**Task prompt:** As soon as the line containing "GMC Sierra AT4" appears, copy it and every following line word for word until the records end.

**Data for review:**
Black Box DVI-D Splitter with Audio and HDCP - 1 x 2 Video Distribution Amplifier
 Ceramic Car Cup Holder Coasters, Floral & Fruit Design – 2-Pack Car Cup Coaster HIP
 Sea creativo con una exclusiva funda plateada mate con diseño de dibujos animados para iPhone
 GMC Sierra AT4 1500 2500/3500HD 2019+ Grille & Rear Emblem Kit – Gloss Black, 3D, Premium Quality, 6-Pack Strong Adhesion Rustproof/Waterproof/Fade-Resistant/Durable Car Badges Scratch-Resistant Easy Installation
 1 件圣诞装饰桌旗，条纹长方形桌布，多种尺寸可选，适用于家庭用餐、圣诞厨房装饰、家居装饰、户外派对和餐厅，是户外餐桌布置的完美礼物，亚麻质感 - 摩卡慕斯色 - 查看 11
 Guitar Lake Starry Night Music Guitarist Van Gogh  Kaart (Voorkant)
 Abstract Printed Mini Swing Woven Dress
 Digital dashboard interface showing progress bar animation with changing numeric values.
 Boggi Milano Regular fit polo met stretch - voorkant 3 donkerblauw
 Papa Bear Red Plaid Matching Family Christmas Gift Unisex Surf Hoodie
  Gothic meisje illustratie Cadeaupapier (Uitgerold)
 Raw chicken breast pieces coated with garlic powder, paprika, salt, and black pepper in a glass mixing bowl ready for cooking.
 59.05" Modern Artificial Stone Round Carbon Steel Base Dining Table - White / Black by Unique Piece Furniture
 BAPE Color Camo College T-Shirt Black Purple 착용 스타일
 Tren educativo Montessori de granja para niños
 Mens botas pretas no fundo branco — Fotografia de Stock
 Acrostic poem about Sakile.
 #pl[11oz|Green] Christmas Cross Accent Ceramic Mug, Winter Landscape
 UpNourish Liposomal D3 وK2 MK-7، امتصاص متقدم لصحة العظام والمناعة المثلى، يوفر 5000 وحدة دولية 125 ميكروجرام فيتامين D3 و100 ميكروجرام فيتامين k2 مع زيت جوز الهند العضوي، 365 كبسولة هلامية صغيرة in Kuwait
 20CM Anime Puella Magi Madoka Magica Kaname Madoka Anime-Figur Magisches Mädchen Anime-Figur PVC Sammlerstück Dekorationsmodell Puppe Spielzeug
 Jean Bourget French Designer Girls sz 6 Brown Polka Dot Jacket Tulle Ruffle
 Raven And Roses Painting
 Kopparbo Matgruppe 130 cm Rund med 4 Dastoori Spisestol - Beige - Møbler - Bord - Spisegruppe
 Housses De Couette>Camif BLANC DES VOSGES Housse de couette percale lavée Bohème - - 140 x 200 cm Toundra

**Answer:**
 GMC Sierra AT4 1500 2500/3500HD 2019+ Grille & Rear Emblem Kit – Gloss Black, 3D, Premium Quality, 6-Pack Strong Adhesion Rustproof/Waterproof/Fade-Resistant/Durable Car Badges Scratch-Resistant Easy Installation
 1 件圣诞装饰桌旗，条纹长方形桌布，多种尺寸可选，适用于家庭用餐、圣诞厨房装饰、家居装饰、户外派对和餐厅，是户外餐桌布置的完美礼物，亚麻质感 - 摩卡慕斯色 - 查看 11
 Guitar Lake Starry Night Music Guitarist Van Gogh  Kaart (Voorkant)
 Abstract Printed Mini Swing Woven Dress
 Digital dashboard interface showing progress bar animation with changing numeric values.
 Boggi Milano Regular fit polo met stretch - voorkant 3 donkerblauw
 Papa Bear Red Plaid Matching Family Christmas Gift Unisex Surf Hoodie
  Gothic meisje illustratie Cadeaupapier (Uitgerold)
 Raw chicken breast pieces coated with garlic powder, paprika, salt, and black pepper in a glass mixing bowl ready for cooking.
 59.05" Modern Artificial Stone Round Carbon Steel Base Dining Table - White / Black by Unique Piece Furniture
 BAPE Color Camo College T-Shirt Black Purple 착용 스타일
 Tren educativo Montessori de granja para niños
 Mens botas pretas no fundo branco — Fotografia de Stock
 Acrostic poem about Sakile.
 #pl[11oz|Green] Christmas Cross Accent Ceramic Mug, Winter Landscape
 UpNourish Liposomal D3 وK2 MK-7، امتصاص متقدم لصحة العظام والمناعة المثلى، يوفر 5000 وحدة دولية 125 ميكروجرام فيتامين D3 و100 ميكروجرام فيتامين k2 مع زيت جوز الهند العضوي، 365 كبسولة هلامية صغيرة in Kuwait
 20CM Anime Puella Magi Madoka Magica Kaname Madoka Anime-Figur Magisches Mädchen Anime-Figur PVC Sammlerstück Dekorationsmodell Puppe Spielzeug
 Jean Bourget French Designer Girls sz 6 Brown Polka Dot Jacket Tulle Ruffle
 Raven And Roses Painting
 Kopparbo Matgruppe 130 cm Rund med 4 Dastoori Spisestol - Beige - Møbler - Bord - Spisegruppe
 Housses De Couette>Camif BLANC DES VOSGES Housse de couette percale lavée Bohème - - 140 x 200 cm Toundra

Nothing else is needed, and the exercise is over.